It was good when I was able to get money for my job. Once we got a leader, he was around forty years old. Instead of money, he poured us a glass of vodka. He was too avid to give me money, so he decided to share out some vodka instead. Three shots of vodka were fall to one share. But I couldn't drink more than one shot! I| did not sleep all night before and in addition the weather was hot. So, he missed me out of the round. I only weighed 40 kilograms, and I was only 13, and with an empty stomach. The vodka really hit me. I got home like that a couple of times and my mum gave me such an accusing look with a sorrow I still remember these eyes. Yes, that is my memories. But that guy came to a bad end, he'd been an assistant train-driver, but was kicked-out for indiscipline.
  

***
  We hadn’t got birch trees on the front yard, only now (interview with the sculptor in spring 2018) I can easily collect birch sap in the park, I planted several alleys of trees, nobody believes that the forest around my house I grew up by myself. But in childhood the woods were three kilometers away. So, I went to the woods to get trees to sell, when I was seven or eight. You could cut down a Christmas tree, then drag it to sell it in the wintertime. I could die in the forest, but that is astonishing, nothing happened to me. My dad was still alive then. If I could sell a Christmas tree, there was enough to buy one ice-cream.
  

***
My dad bought five apple trees, and planted them on our garden plot. Almost immediately or next day or after a week a man from the Tax Office appeared demanding tax on the fruit trees. My dad argued with him, saying that the trees would only produce apples in five years! But no. We had to cut them down. It was marasmus!  Goats and cows were taxed too, so most people avoided to keep cattle. I remember how my sister Katya and I picked up some apple’s cores at the town market and ate them up, that was already after my father had died. Apples were a luxury for us.
  

***
After my dad died, I visited his relatives, my Uncle Egor at Baksheevo and stayed for a week. I'd wanted to eat some meat, but they only gave me potatoes and milk. I went to the neighboring village, which was 2-3 kilometers away across the marshes, I was still only six or seven, and not yet at school. I caught a chicken, went to the woods and to cooked it for long time over an open fire. Surprisingly, I wasn't afraid!  What a fool I was! If they'd caught me, the villagers would have killed me. It was easy for them to find me by the visible revealing smoke. My chicken became charred all the time and I couldn't understand how to cook it, so that I ended up with some meat, and not just charcoal.

 

After my father's death

After my father's death I was just kicking around for three years, from 11 to 14 years old. I was living in the Moscow outskirts, at Alexandrov, and I used to visit friends in Moscow. I wandered around in Moscow for a week – if you could steal something, then you could eat. I got in touch with bandits and I took part in robberies. I was 13 years old I was already experienced and strong. This kind of activity contributed to my living atmosphere, in a town 101 km away from Moscow. In the post-war era there were fewer men around. Mostly there were just women and kids on the streets. We didn't see any respectable intelligent fellows around – they were all at work. The only men we saw around were crooks. Criminality was everywhere.

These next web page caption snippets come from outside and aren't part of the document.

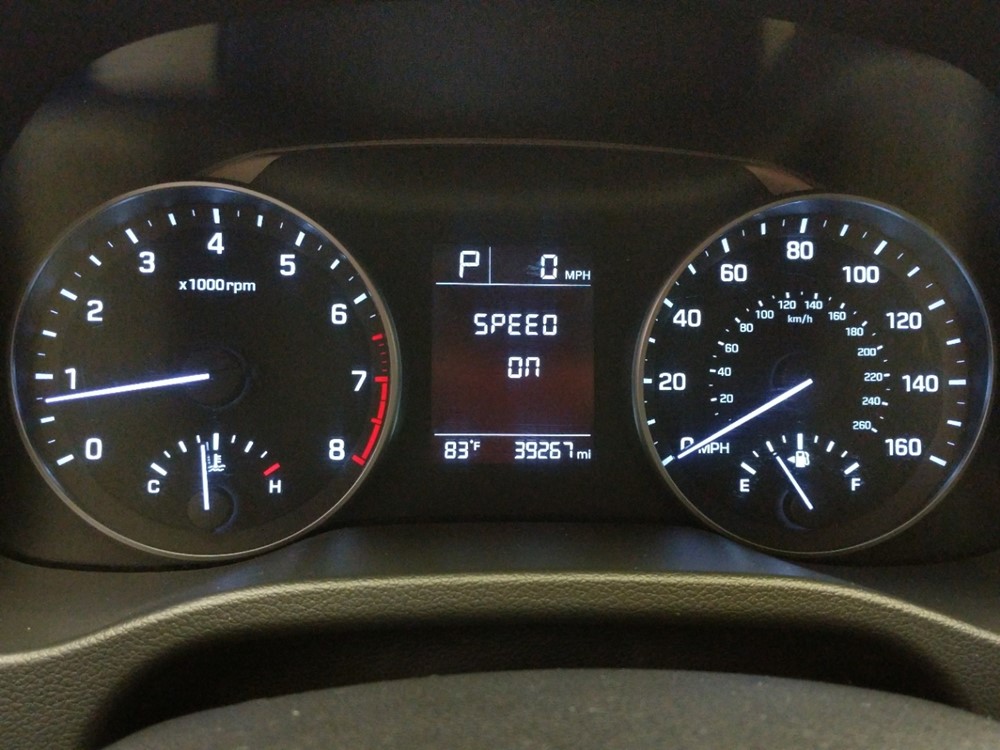 2017 Hyundai Elantra - Odometer Close Up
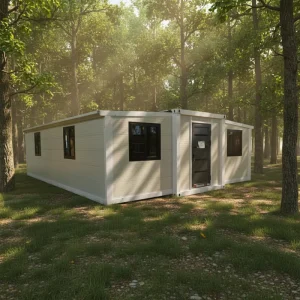 20ft 40ft Flexible and Expandable Container House Portable Modular Mobile Container Home Two Bedroom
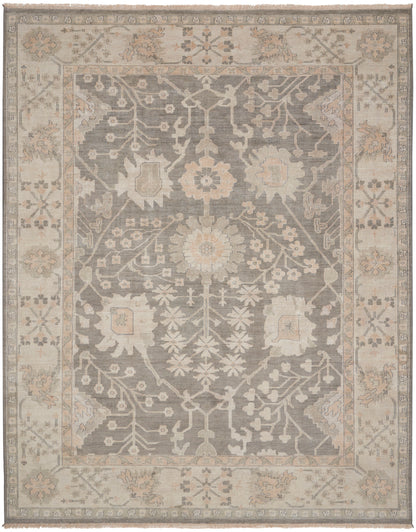 Nourison Home Aldora ALD08 Aubergine Traditional Hand Knotted Rug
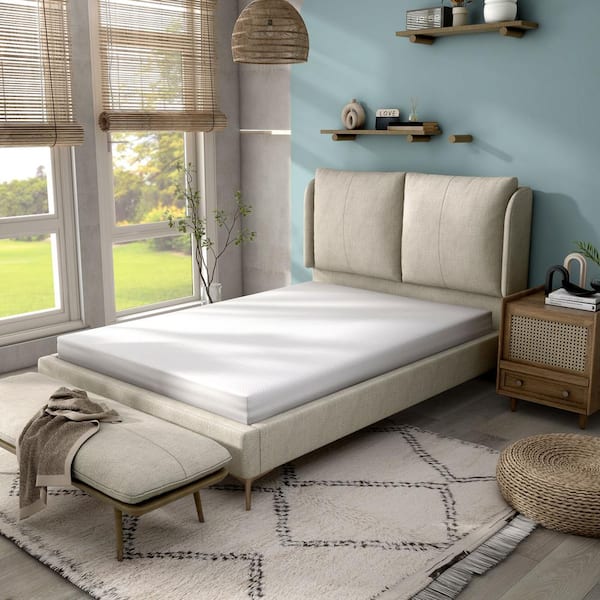 Furniture of America Nixy Full Medium Memory Foam 6 in. Bed-in-a-Box CertiPUR-US Bamboo Charcoal Mattress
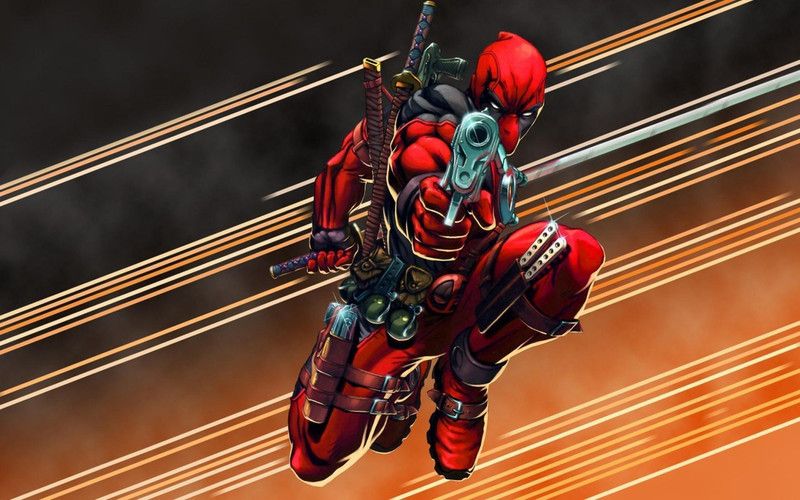 Deadpool Multicolour Photo Paper Print Poster Photographic Paper Photographic Paper  (18 inch X 12 inch, Rolled)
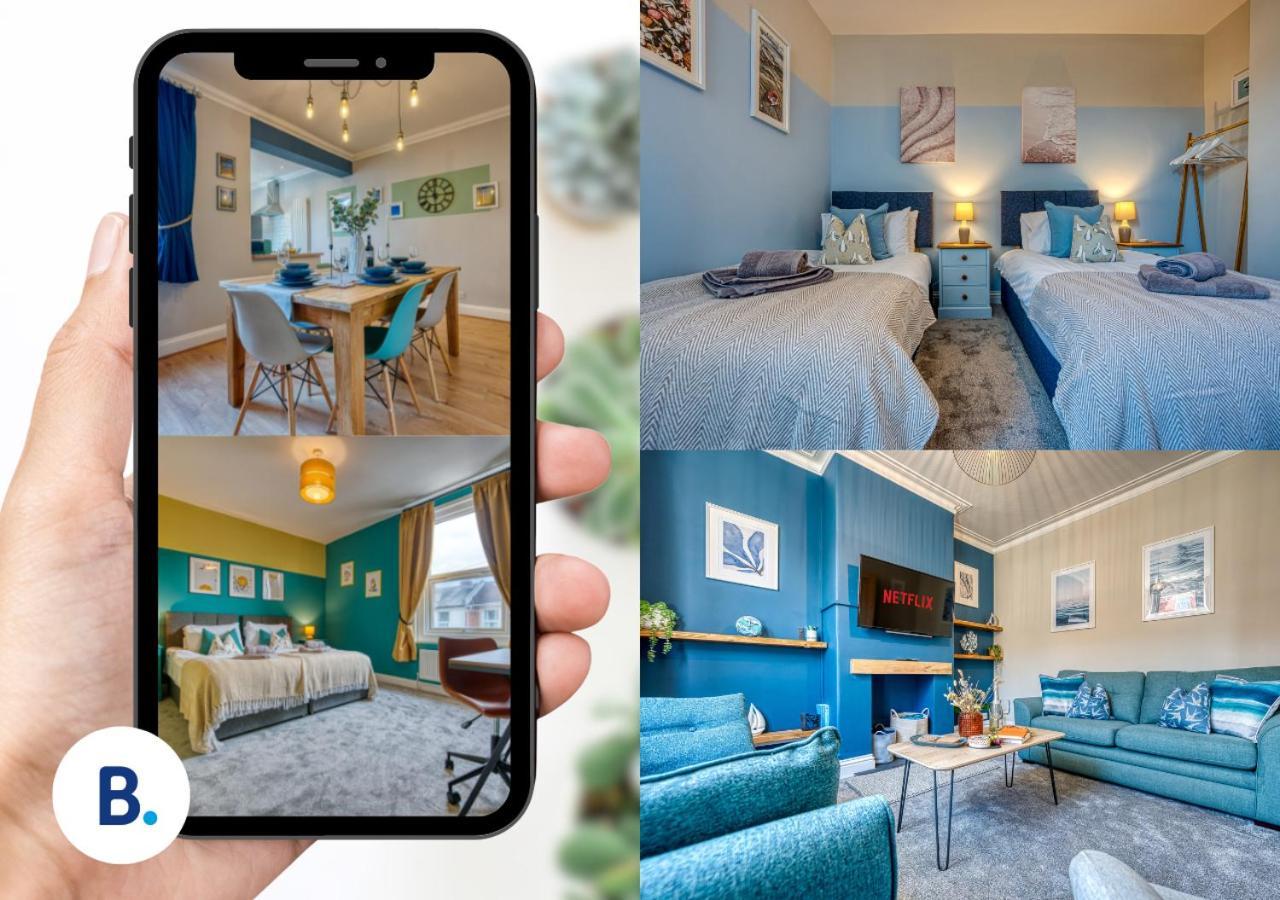 2 Bedrooms Modern, Stunning & Stylish Contractor House, Prime Portsmouth Location With Free Parking Permit, Summer Special Offer!! - By Blue Puffin Stays מראה חיצוני תמונה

When I was six, I had an occurrence. Convicted men were loitering around streets of Alexandrov.  Now people use to say that all "victim of repression" were like an “innocent sheep”.  But that “sheep” acted towards me with a piece of wooden board! My mum with the neighbors were sitting on a bench and I was begging for something, maybe a bun or something else, because during the 1950s there were no bread bun, people were standing in lines for bread, even at night. So, I was capricious as any children behave. That convicted man saw that the small boy showing an affected manner and decided to give me a lesson. He threatened me with a wooden board. He wanted to show how great he is! He called me to order as it was conventional in prisons – with a crowbar on the head. I was scared! I was already frightened by repressed bandits before and when I saw him, I moved back and fell on my back. Something happened to me – I didn't speak for two days. After that incident I started to stammer.


I was involved in a hooligan gang, and we got up to all kinds of dirty activities. For example – the commuter train is coming in, there are around 30 of us, and – bang! - we smashed out the windows. I remember there was one boy cut his hand on the glass, but he wanted to show how cool he was. The glass sliced his artery open, and the blood was pouring out like a fountain. He went completely white, it was very creepy. I can still see that scene in my mind, even though 60 years have gone by – I still remember it all.


Our whole gang were going to become bandits. Ones all our street gang was put into the prison, around 15 fellows. They raped a girl in the forest ravine, she was from the same street. It all ended that the girl's parents had them all arrested, fifteen boys, all aged around 15. They got 5 years, or 8, or even 10. All street got into the prison! I was not at that day in the gang, otherwise got to prison too and that would be my end. I could get 5 years. Because breaking somebody nose and raping were equal things for us. But result was teenagers irretrievably ruined their future. The girl’s fate also was destroyed, because all street knows what happened. Imagine, how she felt! She turned to lone-wolf-cub-hermit after that incident.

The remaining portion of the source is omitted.